External beam radiotherapy (EBRT) and high-dose rate (HDR) brachytherapy for intermediate and high-risk prostate cancer: the impact of EBRT volume

Abstract Background Whole pelvis radiotherapy (WPRT) may improve clinical outcomes over prostate-only radiotherapy (PORT)in high-risk prostate cancer patients by sterilization of micrometastatic nodal disease provided there is optimal control of the primary site. Methods A prospective multicentre cohort study of eligible patients (stage ≥T2c, Gleason score ≥7 or presenting prostate-specific antigen (pPSA) ≥10) treated between 2009 and 2013 were enrolled in a UK national protocol deliveringcombined EBRT and HDR BT. Centres elected to deliver WPRT, 46Gy in 23 fractions or PORT 37.5Gy in 15 fractions with 15Gy single dose HDR BT. The primary endpoint was biochemical progression-free survival (bPFS). Secondary endpoints were overall survival (OS), genitourinary and gastrointestinal toxicity. This was not a randomised comparison and therefore subject to bias and the findings are therefore hypothesis generating but not conclusive.
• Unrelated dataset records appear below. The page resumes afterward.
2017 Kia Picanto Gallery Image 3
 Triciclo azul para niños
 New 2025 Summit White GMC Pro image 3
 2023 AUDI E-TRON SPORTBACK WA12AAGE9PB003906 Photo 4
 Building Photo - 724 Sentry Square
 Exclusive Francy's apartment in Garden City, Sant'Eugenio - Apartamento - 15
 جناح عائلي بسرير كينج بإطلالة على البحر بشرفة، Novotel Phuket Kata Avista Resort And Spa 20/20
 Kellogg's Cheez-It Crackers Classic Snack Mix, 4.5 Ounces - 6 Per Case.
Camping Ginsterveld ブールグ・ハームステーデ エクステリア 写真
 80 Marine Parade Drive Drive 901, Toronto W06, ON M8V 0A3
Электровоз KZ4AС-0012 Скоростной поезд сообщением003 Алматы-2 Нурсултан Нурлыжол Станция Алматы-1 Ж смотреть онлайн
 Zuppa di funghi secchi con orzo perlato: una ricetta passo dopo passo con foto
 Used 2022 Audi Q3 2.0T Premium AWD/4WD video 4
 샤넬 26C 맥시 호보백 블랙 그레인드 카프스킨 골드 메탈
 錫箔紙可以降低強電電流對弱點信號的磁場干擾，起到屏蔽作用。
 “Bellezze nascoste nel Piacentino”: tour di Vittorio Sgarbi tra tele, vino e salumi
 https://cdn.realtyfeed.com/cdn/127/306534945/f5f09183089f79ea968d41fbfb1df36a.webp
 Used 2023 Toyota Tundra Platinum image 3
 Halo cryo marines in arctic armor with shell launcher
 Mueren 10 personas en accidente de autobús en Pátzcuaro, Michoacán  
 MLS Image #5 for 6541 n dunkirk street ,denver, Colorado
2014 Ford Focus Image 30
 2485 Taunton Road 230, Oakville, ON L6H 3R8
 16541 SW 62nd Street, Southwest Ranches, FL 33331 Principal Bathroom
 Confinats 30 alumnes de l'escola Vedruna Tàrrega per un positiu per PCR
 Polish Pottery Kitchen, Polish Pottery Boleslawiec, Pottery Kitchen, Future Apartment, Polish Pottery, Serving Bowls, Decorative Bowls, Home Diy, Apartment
Results 812 patients were entered; 401 received WPRT and 411 received PORT. With a median follow- up of 4.7 years, five-year bPFS rates for WPRT versus PORT arms were 89% vs 81% (p = 0.007) for all patients and 84% vs 77% (p = 0.001) for high-risk patients. Differences in bPFS remained significant after accounting for Gleason score, pPSA, T stage and androgen deprivation therapy duration as co-variates. There was no difference in OS. The overall post treatment toxicities across both cohorts were low with no greater than 1.5% of ≥ grade 3 toxicities at any follow-up time point. WPRT increased both prevalence and cumulative incidence of acute genitourinary toxicity (p = 0.004) and acute gastrointestinal toxicity (p = 0.003). No difference in late radiation toxicity was observed. Conclusion A significant improvement in 5-year bPFS was seen in intermediate and high-risk prostate cancer treated with WPRT compared to PORT in a combined EBRT and BT schedule with no increase in late radiation toxicity.